Nos meus temos recuados de gaiato, na aldeia onde nasci, num pequeno mas altaneiro monte, não havia grande coisa para fazer e, como tal, paradoxalmente, a gente divertia-se muito.
A catraiada era despejada na rua às primeiras horas da manhã e só tinha ordem para se chegar perto casa à hora "do comer". Animais sociais que eramos, naturalmente, deslocavamo-nos em bandos ranhosos, devassando hortas e quintais, seguindo cegamente as ordens do respectivo macho alfa (ou fêmea, que nunca fomos esquisitos em questões de género).

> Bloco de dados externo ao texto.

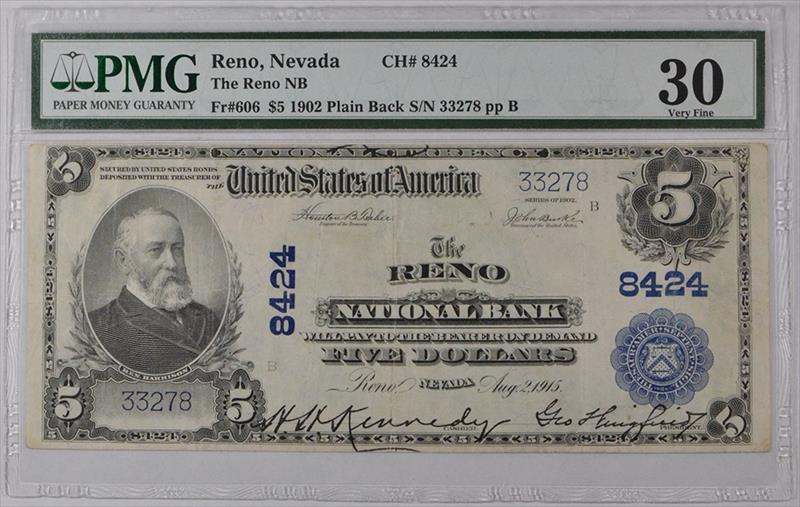 1902 Plain Back $5 Fr. 606 Charter #8424 PMG VF-30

Os que ainda não andavam iam pendurados ao colo dos mais velhos e nenhum se perdeu ou caiu a poços ou se magoou seriamente, salvo uma outra cabeça rachada, para fortalecer o carácter.Nesta ausência de entretenimento local, as romarias constituiam sempre ansiados oásis: o S. Brás, a Sra. da Saúde, a Sta. Rita, o Senhor de Matosinhos, o Bom Despacho, a Sra. das Dores, o São Pantaleão, a Sta. Eufémia e o Sr. da Agonia, por esta ordem cronológica, eram uma espécie de temporada taurina.

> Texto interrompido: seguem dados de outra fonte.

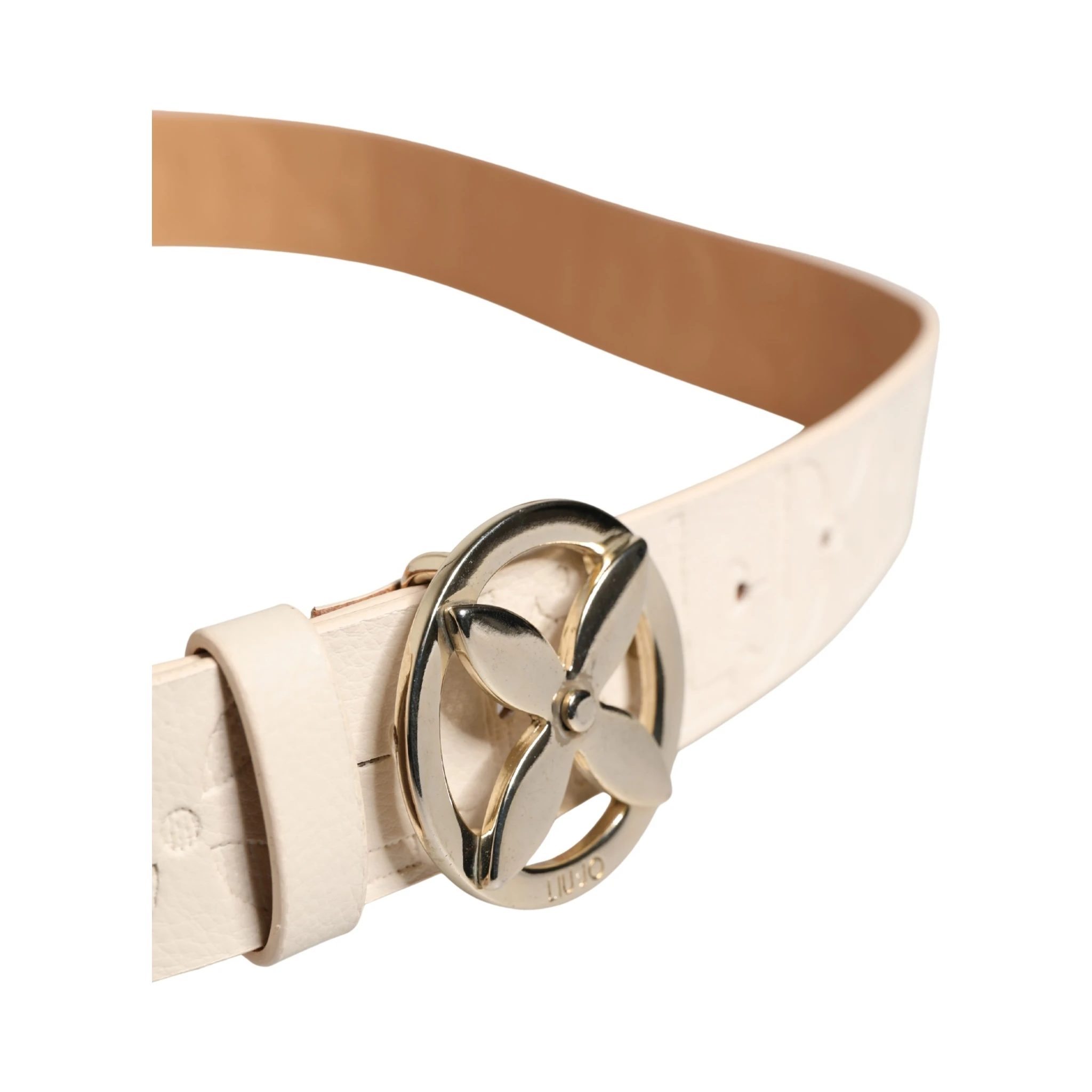 Beige Leather Wide Waist Silver Metal Buckle Waist Women Belt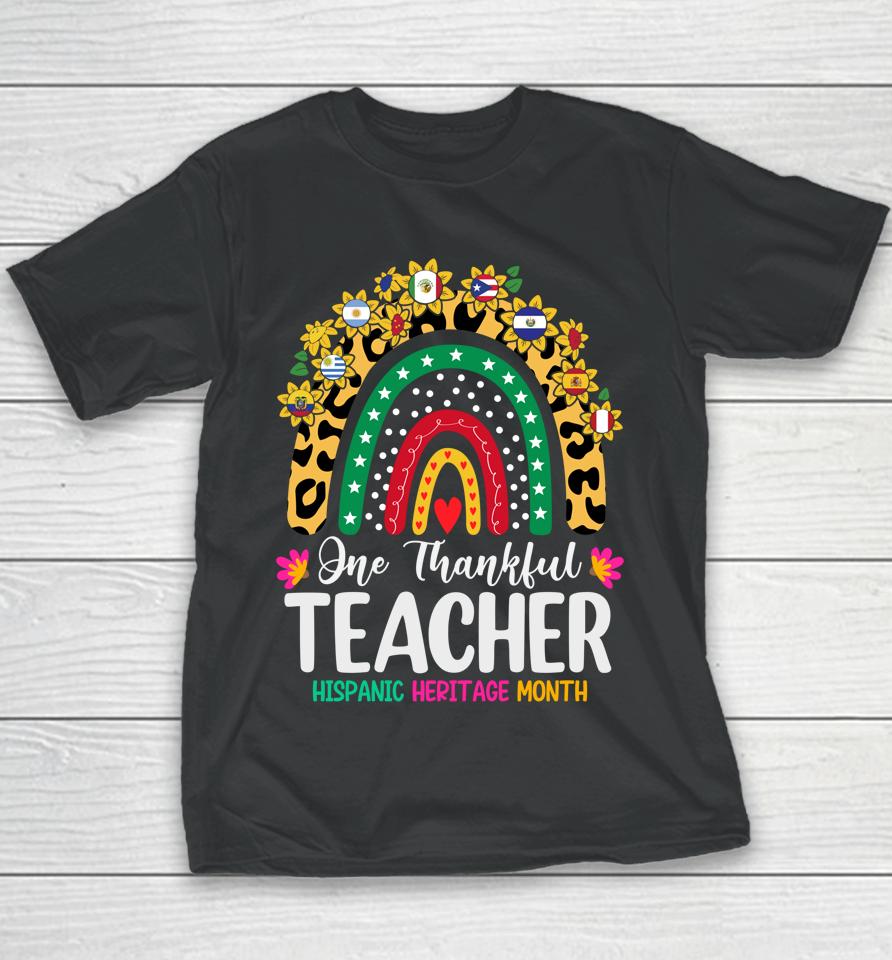 Hispanic Heritage Month Teacher Latina Countries Flags Youth T-Shirt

E o que tinham as romarias? Procissões, foguetório e bandas de música. Daí que assistíssemos compenetrados às procissões, para gozar os anjinhos; entrando o copioso foguetório, dedicavamo-nos à audaciosa actividade de apanhar as canas e, na hora do despique das bandas, zanzavamos à roda do coreto, ouvindo aqui e ali as apreciações dos rigorosos melómanos residentes.
Lembro-me perfeitamente que era o "1812" a prova derradeira da categoria da banda. Era pelo "1812" que a crítica afinava o ouvido e decidia da qualidade dos concertistas, ou da falta dela, está bom de ver. Por isso, quando as primeiras notas do "1812" se faziam anunciar, até a canalhada parava e, ciente da gravidade do momento, afitava as orelhas, para, também, poder ter opinião.
Também eu, não sabendo, na altura, do Tchaikovsky ou do Napoleão, andei nessa guerra, que recordo agora com saudade, pela paz inocente desses tempos.